Some observatios and directions, maybe they will help you when you write the AIO patch.

This got heated for no reason.

The thread pool is not available to the user.

Okay, but on the README.md it's listed as a feature highlight, which would imply (at least it confused me in such a way, as it apparently also confused @alexhultman) that there's a thread pool interface which the library user can use. If it's an implementation detail to achieve asynchronous I/O, then perhaps it shouldn't be listed as a feature highlight?

Also, back to the original topic of this discussion: would it be bad, if the event loop used more than 4 threads on an environment that would benefit from more threads? I know it wouldn't improve IO, but it's my understanding (which might be wrong) that uv_queue_work() queue work_cb to be executed inside the thread pool? So, wouldn't a bigger pool increase the performance on a machine with more cores (implying that there is no IO being submitted to the queue)?

txdv commented

I stand corrected, uv_queue_work exposes the thread pool to the user, but...

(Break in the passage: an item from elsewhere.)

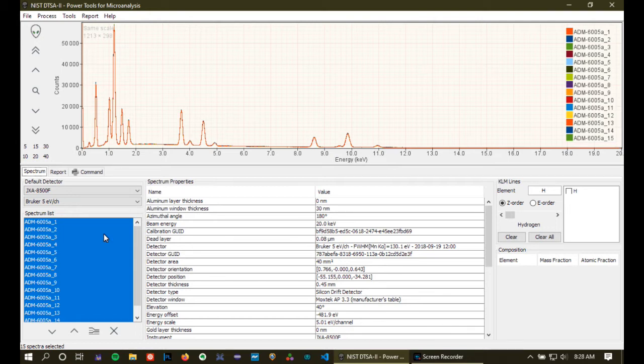What this allows you to do is actually compare the spectra and determine which ones are most similar to the rest and use those to build your bundle. Anyway, today we have actually 15 so we'll work with that.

The idea of posting long running computational tasks to it though is not a very good one. libuv uses the threadpool internally to emulate async behaviour for blocking only functions(getaddrinfo, fs operations on linux). So if you post 4 long taking computational tasks to it with uv_queue_work(while the thread pool size is 4), you effectively deny yourself of using file system operations on linux or uv_getaddrinfo/getaddrinfo. You should only post something which blocks for a short amount of time.

I am actually confused why we expose it at all right now, since the user can basically screw himself over if he misuses it... but there is a lot of not so smart stuff in this library which need some attention of thought.

would it be bad, if the event loop used more than 4 threads on an environment that would benefit from more threads?

Increasing it has no negative impact. The only reason why it is 4 is that there is no deterministic way of a perfect size for the thread pool. Ideally we wouldn't rely on the threadpool at all, but asynchronous file io on posix/linux is a mess currently and there is no other way around to emulate asynchronous getaddrinfo and getnameinfo. You can change the size however you see fit.

If you want it to use for computation then you should increase it to M + N, where M is the amount of parallel computations want to do and N is the the rest of for blocking IO (which is 4 currently coded hard). There is currently no C api to change or set the size of the thread pool from within C because everyone is too lazy to write a patch.

My personal advice is not to touch this, just use your own thread pool or something. Because if you mess up, you won't be able to use getnameinfo getaddrinfo or any file operation on linux.

txdv commented

The limitations are very clearly documented here: http://docs.libuv.org/en/latest/threadpool.html

It is global singleton and the amount of threads is set only by a variable instance. For my personal taste this thread pool sucks for any kind of operations except for emulating blocking operations as non blocking.

I don't know why it is really available to the user....

This got heated for no reason.

@alexhultman is a douche, I just tried to write down my perspective and he just responds with:

Lets just start by correcting some bullshit you just spew out:
Linux 2.6 (since 2003) comes with kernel level async IO for files (aio_read, aio_write, signals, etc) - use that.

@bnoordhuis has looked into this and said that AIO is not ready, I have been looking into this for quite some time, even digging in the kernel to check whether everything is truly asynchronous, but here comes @alexhultman calls me a retard and states that AIO is ready to use right now.

We welcome patches.

I thought we were all grown ups around here, but it seems not. I'm closing this because this is now how we want our community to work. If you (both) want to use this language / manners just go somewhere else, you are not welcome.

@alexhultman if you think we can do better, by all means, write a patch, benchmark it, and submit it. Some stuff has been attempted in the past, without much success, though.

@txdv please stop using "we" for your assertions, which do not represent this project whatsoever, this is not how we deal with people / issues in our bugtracker. I can read past your edits.